The judge's work and the committee's work are two separate things, they can and do and must co-exist. This or any other newspaper may conduct an inquiry into the GSOC affair. Any other body, properly constituted – including an Oireachtas Committee – may discharge its duty in these matters and the judge may find something of interest in such proceedings – or may ignore them entirely.
It would be ludicrous to say that Mr Shatter, in revealing to the Dail his interpretation of the RITS report's conclusion, was somehow interfering in the independence of the Judge Cooke inquiry. Similarly, it's entirely legitimate for Mr Shatter to reveal to an Oireachtas Committee the details of the report from which he drew that conclusion.
Here's where it gets truly bizarre. Mr Shatter's letter then sets down the terms of reference of Judge Cooke's inquiry. This is utterly irrelevant to the matter. No relevance whatever, but set out in its entirety. It would be as relevant had Mr Shatter included a summary of the rules of croquet – in short, no relevance at all.
But it fills up the page.
Mr Shatter goes on to say that he's anxious not to say or do anything that might be seen to be in any way trespassing on the independence of the independent inquiry.
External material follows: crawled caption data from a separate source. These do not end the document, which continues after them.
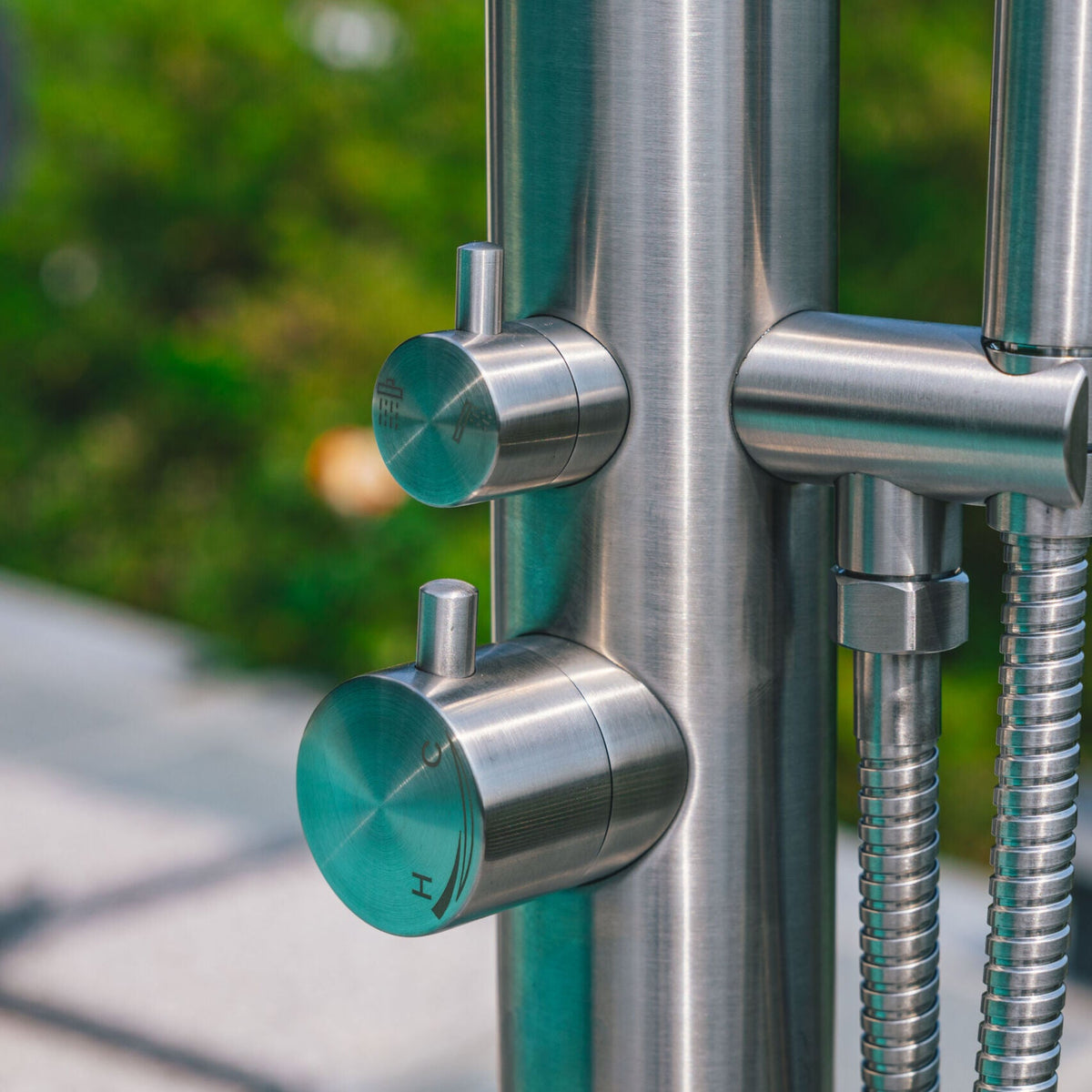 Rain Therapy PS PH-1051 brushed stainless steel mixing and diverter controls, handheld-shower holder and hose connections in the manufacturer's close-up photograph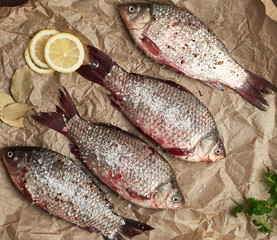 whole fresh crucian fish with scales on a crumpled brown piece of paper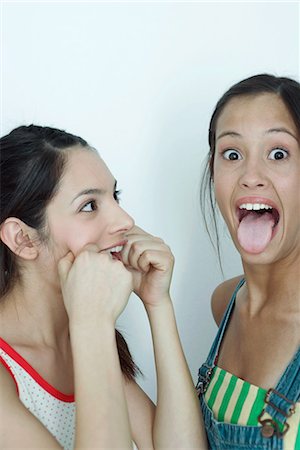 Two young female friends making faces, portrait Stock Photo - Premium Royalty-Free, Code: 696-03394628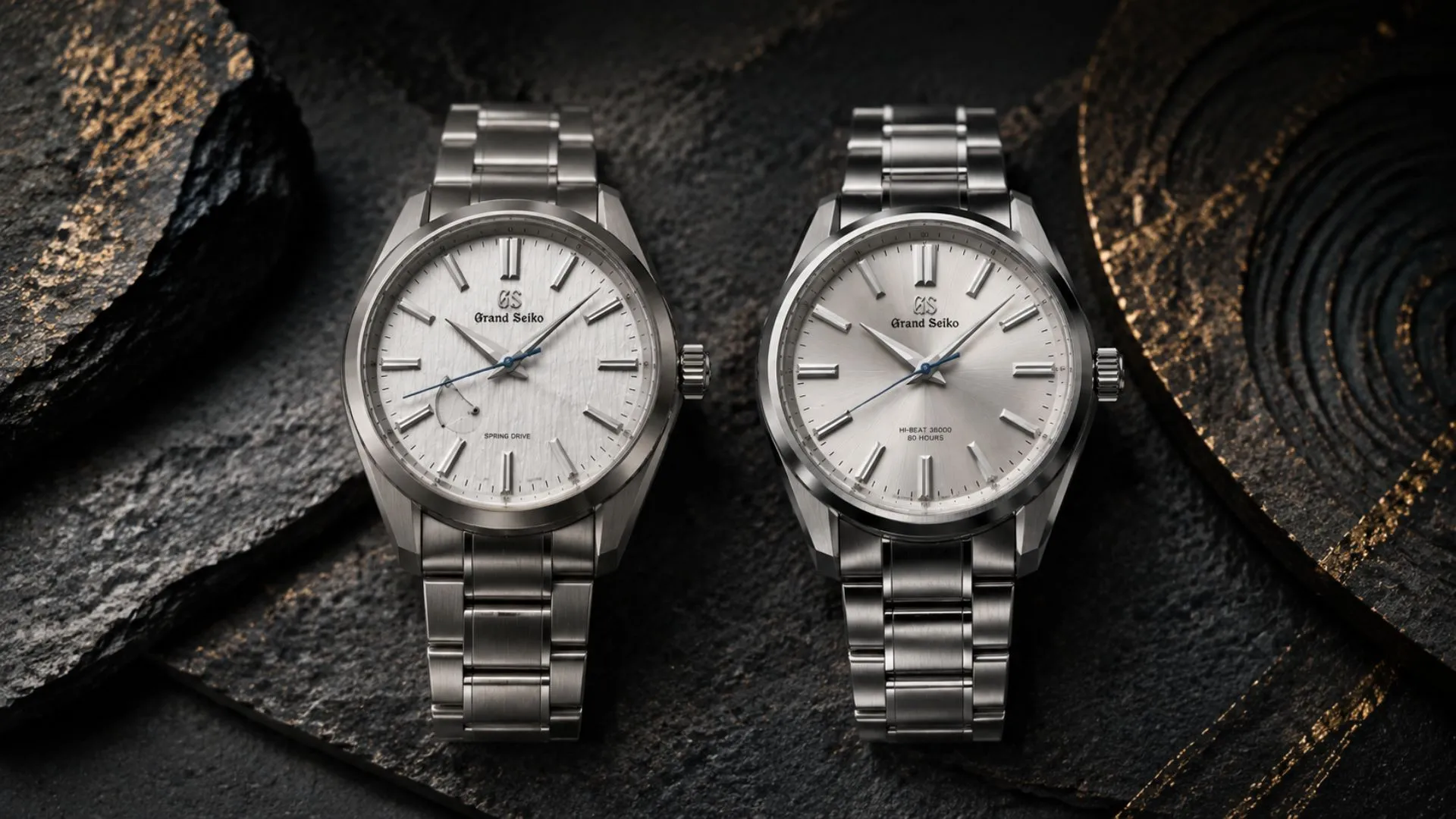 Grand Seiko Spring Drive vs Hi-Beat side-by-side watch comparison on a dark surface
He finishes the letter by setting down three queries, that might or might not have been put to RITS. No answers – no information, just three badly worded queries.
"I hope this goes some way towards clarifying some of the main technical issues which arise from these reports." Yours etc.
This is crackers. Nuts. It might as well be a recipe for chicken cacciatore. Mr Shatter has indulged his contempt for the committee, for the Oireachtas, and for the citizens they represent, by refusing to give the information he promised – when under pressure – and instead, filling three pages with irrelevant nonsense.
In a Government with any standards, this would be a sackable offence. But, I'm afraid, as Don Corleone might put it, the fish rots from the head.